MPSSAA endorses USA Football's Heads Up program to improve on-field safety

BALTIMORE - Keeping our children safe playing football is the goal of a new campaign coming to Maryland's high schools.

Tom Hearn knows the lasting effects of head injuries when student athletes going at top speed collide on the football field, he wants to make sure you know as well after his son got a concussion playing football three years ago.

"Clearly part of the NFL’s message to get out that football is safer and as a parent I would just advise other parents to do their research about whether it's really safe enough to allow their son to play,” Hearn said.

With these concerns in mind, the MPSSAA – the state’s governing body of high schools in Maryland –becomes the first high school athletic association to endorse USA Football's heads up program. The program will establish standards, procedures and education statewide and will give Maryland a uniform system in governing and maintaining safer sports programs.

The main focus starts with three points, MPSSAA Executive Director Ned Sparks said.

"First of all is the appointing of a player safety coach on every school staff,” Sparks said. “They also talked about the proper fitting of equipment and probably maybe most importantly is a change of the techniques in tackling.”

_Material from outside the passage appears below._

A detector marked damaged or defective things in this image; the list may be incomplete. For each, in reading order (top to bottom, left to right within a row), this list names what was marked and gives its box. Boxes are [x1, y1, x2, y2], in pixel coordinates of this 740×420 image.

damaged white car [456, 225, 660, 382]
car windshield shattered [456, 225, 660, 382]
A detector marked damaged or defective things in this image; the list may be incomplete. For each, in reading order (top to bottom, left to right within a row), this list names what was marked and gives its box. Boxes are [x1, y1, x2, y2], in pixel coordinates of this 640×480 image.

The teaching of proper tackling is expected to greatly reduce head and neck injuries and the player safety coach will only focus on players not x and o's

"The technique definitely emphasizes taking the head out of the game,” said USA Football master trainer Len Carr.

Dr. Gerald Gioia of  Children's National Medical Center in Washington, D.C. added: “We're able to recognize the injury hopefully sooner than we have in the past and pull kids off the field.”

The program also includes the teaching of field officials

"When they're on the field they’re the only really adult on the field right?” said Scott Hallenbeck with USA Football. “So to be there just like they do on every other level of football and make sure they're helping not only from the concussion standpoint which is first and foremost, making sure players are tackling properly as well and doing other things just reminding them" 

Added Hearn: "This is a very important period of your child’s life and the kind of life they have after high school might be related to some extent whether or not they sustain those 650 to 1,000 hits to the head for four years."